Search code examples
pythonamazon-s3web-scrapingscrapy

scrapy tsv file download. how to convert file to parquet before upload to s3


I have a working scrapy project that downloads tsv files and saves them to s3.

I use a custom pipeline to save the original file names with dates.

I am wondering if it is possible to convert the tsv files to parquet before uploading them to s3. If so how would I do this in scrapy?

I should note that I am able to convert the files locally (last code block) but would like to do it inline before they are uploaded to s3.
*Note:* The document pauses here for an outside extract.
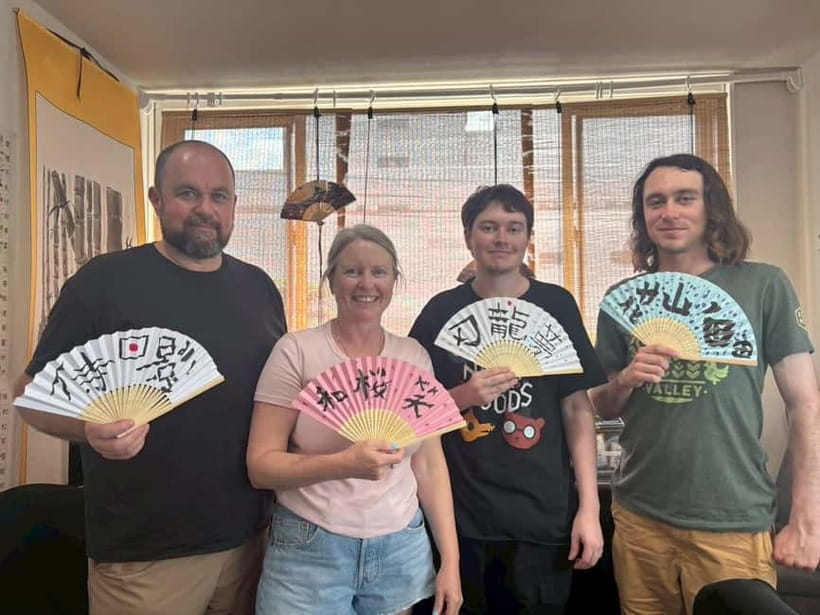 Tokyo:Calligraphy &Make your original folding fan in Asakusa - Creating the original folding fan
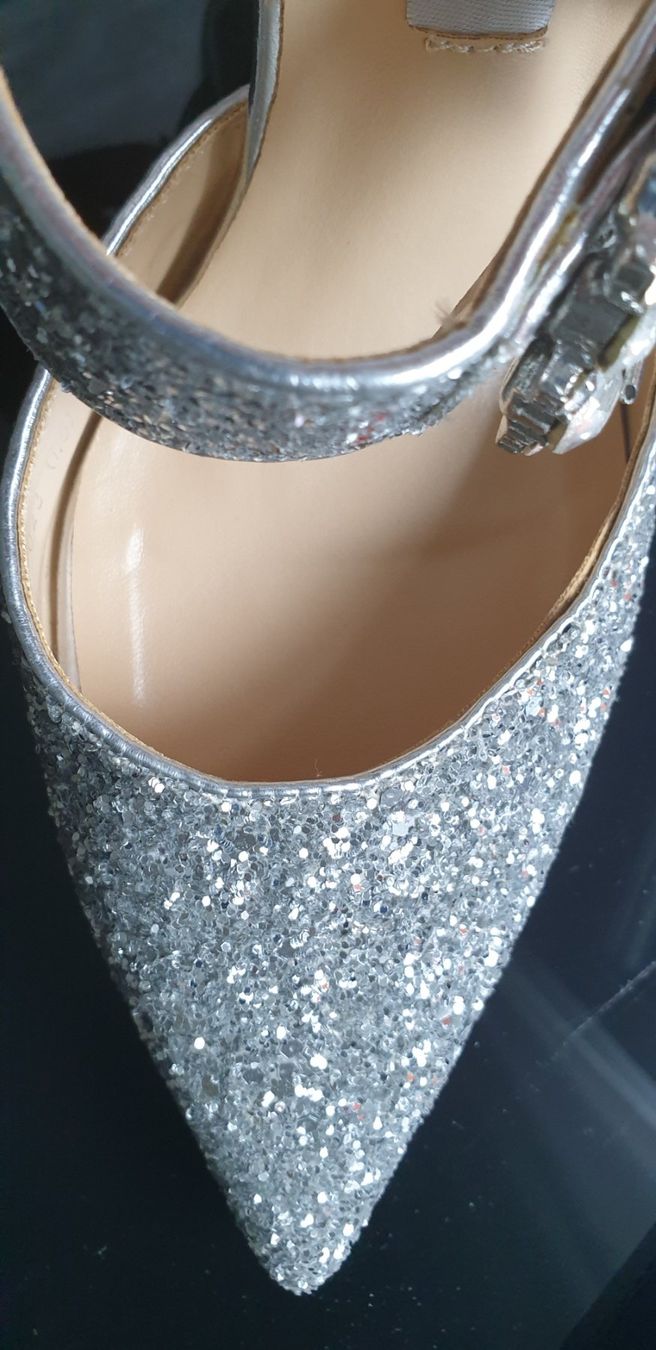 Scarpe da donna: Neue Pantoletten silber Gr. 37.5 – Nuovo e nell'imballaggio originale da Wettswil venduto da the_jr6l 3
This is what I have currently working....

##items
class DownfilesItem(scrapy.Item): 
    file_urls = scrapy.Field() 
    files = scrapy.Field() 
    original_file_name = scrapy.Field()
    date = scrapy.Field()
##pipeline to save original file names with dates
class OriginalNameFilesPipeline(FilesPipeline):
    def file_path(self, request, response=None, info=None):
        test = request
        file_name_xml = request.url.split("=")[-1]
        file_name: str = file_name_xml.removesuffix('.tsv') + '_' + datetime.today().strftime("%Y%m%d") + '.' +  file_name_xml.split(".")[-1]
        return file_name
##in my scraper
def parse_all_items(self, response):
        all_urls = [bunch or urls]
        
        for url in all_urls:
            item = DownfilesItem()
            item['file_urls'] = [url]
            item['original_file_name'] = url.split("=")[-1] 
            yield item
##converting tsv to parquet locally 
parse_options = csv.ParseOptions(delimiter="\t")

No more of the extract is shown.